The quote you provided displays Si and Te.
The other one would have been Si and Fe.


----------



## Rydori (Aug 7, 2017)

Turi said:


> The quote you provided displays Si and Te.
> The other one would have been Si and Fe.


My bad, I did not realise the quiz being a tree diagram in where one question leads to a different set of question which leads to one of the other type.


----------



## Turi (May 9, 2017)

2018 said:


> My bad, I did not realise the quiz being a tree diagram in where one question leads to a different set of question which leads to one of the other type.


Yeah.
To get to where you quoted, the first question must have reflected inferior Ne (and therefore dominant Si).
So the first question is basically exclusively perception based, in that example.
And then the options are either ISTJ or ISFJ.


----------



## CultOfPersonality (Sep 12, 2017)

ok, after looking at it again im really confused ( lol I dont remember if I did that today or last night ) and tbh I can relate to many of the options there, the only options in the first question I didn't relate to are options 8,6 and 4, so I cant really honestly answer it.

as for the second question : it depends on what you choose in the first one, so yeah.


the things im sure about : i'm Fi - Te, and I definitely have in my stuck Ne and Se.


----------



## Turi (May 9, 2017)

Ruri The Typer said:


> ok, after looking at it again im really confused ( lol I dont remember if I did that today or last night ) and tbh I can relate to many of the options there, the only options in the first question I didn't relate to are options 8,6 and 4, so I cant really honestly answer it.
> 
> as for the second question : it depends on what you choose in the first one, so yeah.
> 
> ...


Option 8 is Te-Fi.
Option 6 is Fe-Ti.
Option 4 is Se-Ni.

I feel like that pattern overall kind of suggests you're not an extravert and relate to the Si-Ne axis more than the others, whichever way around.

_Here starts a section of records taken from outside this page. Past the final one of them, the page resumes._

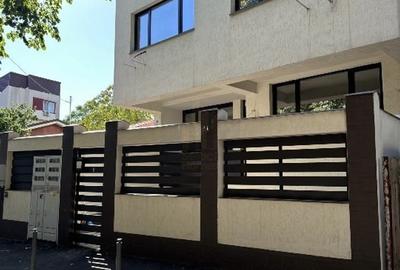 Apartament cu 5 camere decomandat în Crângași - 40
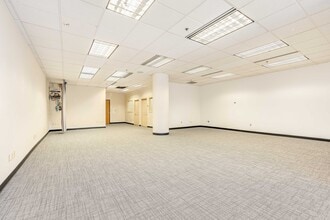 2155 Kalakaua Ave, Honolulu, HI for lease Interior Photo- Image 2 of 4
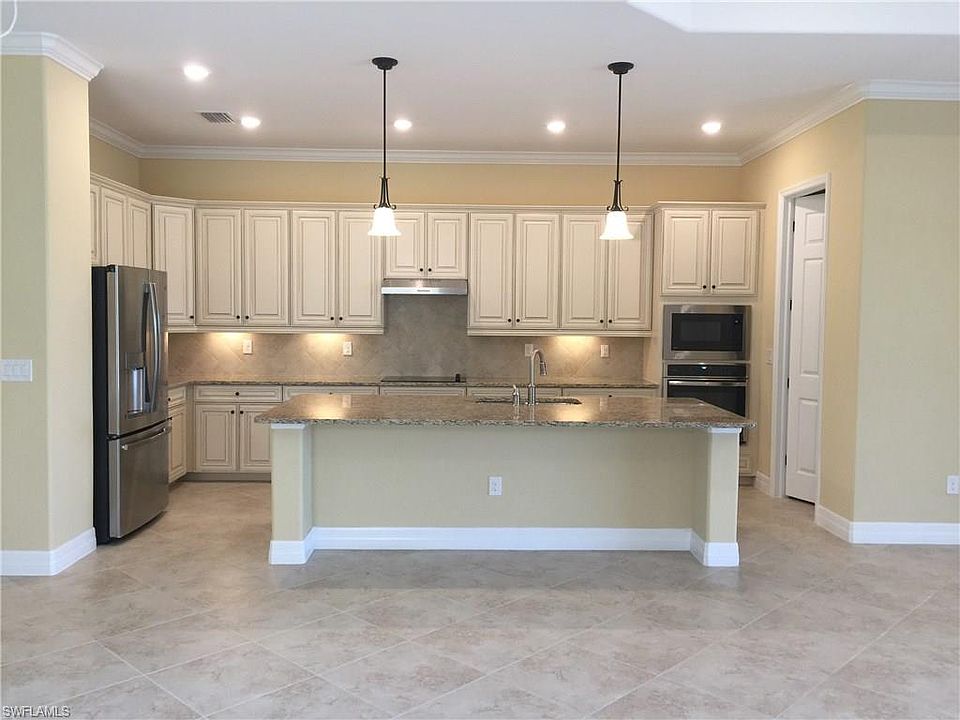 2nd image of 28622 Newtown Ct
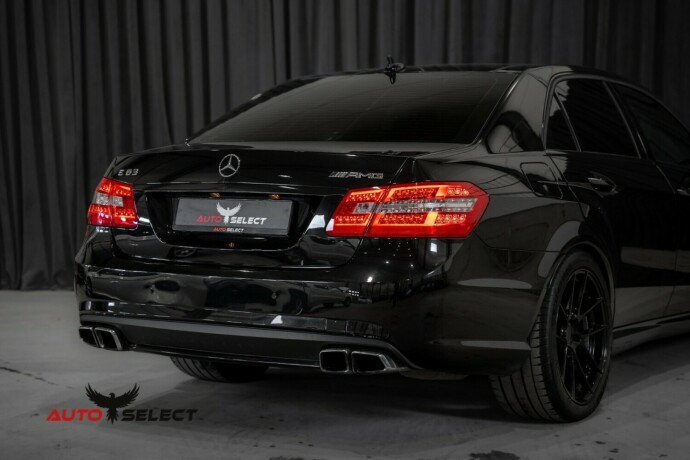 mercedes-benz-e-klasse-bensin-2010-big-15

If you're certain on Fi, I'd suggest INFP as most likely candidate.

If we're less sold on Fi, I would suggest ISxJ as most likely.


----------



## CultOfPersonality (Sep 12, 2017)

Turi said:


> Option 8 is Te-Fi.
> Option 6 is Fe-Ti.
> Option 4 is Se-Ni.
> 
> ...


ISFJ im definitely not, im obvious Fi and Te. as for ISTJ, it's much more likely, but my Si sucks. I would say im XNFP, if we go by the MBTI im probably an extrovert so ENFP, and by how cognitive functions im probably INFP or XNFP at all.

also, as for extroversion, im sure of me being an extrovert. yes, im quiet, I tend to spend time alone and etc', but in the end I feel much more alive when im around people, so I think it's safe to say I am an extrovert, but I won't say there is absolutly no chance I am INFP.


----------



## Immolate (Mar 8, 2015)

> ENFP
> Ne-Fi-T-Si.


Curious.


----------



## brightflashes (Oct 27, 2015)

The first question was really hard to answer. The one that I picked, though, described everything I do though, while the other one is sort of like me, but a few of the things really sounded like me. The second question was much easier to answer.

I got INTJ by some sort of voodoo you're wielding. : )


----------



## owlet (May 7, 2010)

I got ENTP then, with answers I tied on the first time, INTJ.


----------



## brightflashes (Oct 27, 2015)

brightflashes said:


> The first question was really hard to answer. The one that I picked, though, described everything I do though, while the other one is sort of like me, but a few of the things really sounded like me. The second question was much easier to answer.
> 
> I got INTJ by some sort of voodoo you're wielding. : )


For kicks, I picked the one that was second true for me on the first page and then picked the one that was most true for me on that one. In that case, I got INTP. Perhaps that's because of my allergy to Fe. BTW, I see what you did there now - not voodoo at all!


----------



## Turi (May 9, 2017)

brightflashes said:


> The first question was really hard to answer. The one that I picked, though, described everything I do though, while the other one is sort of like me, but a few of the things really sounded like me. The second question was much easier to answer.
> 
> I got INTJ by some sort of voodoo you're wielding. : )


Yeah.. I think they'll all resonate with people to some degree, nobody just has healthy N, T, F and S all day every day, they're all going to slip and and we might find ourselves relating to inferior Te sometimes, inferior Se sometimes, inferior Ni sometimes etc - I'm hoping people basically recognise themselves in one of the first responses, when under real stress.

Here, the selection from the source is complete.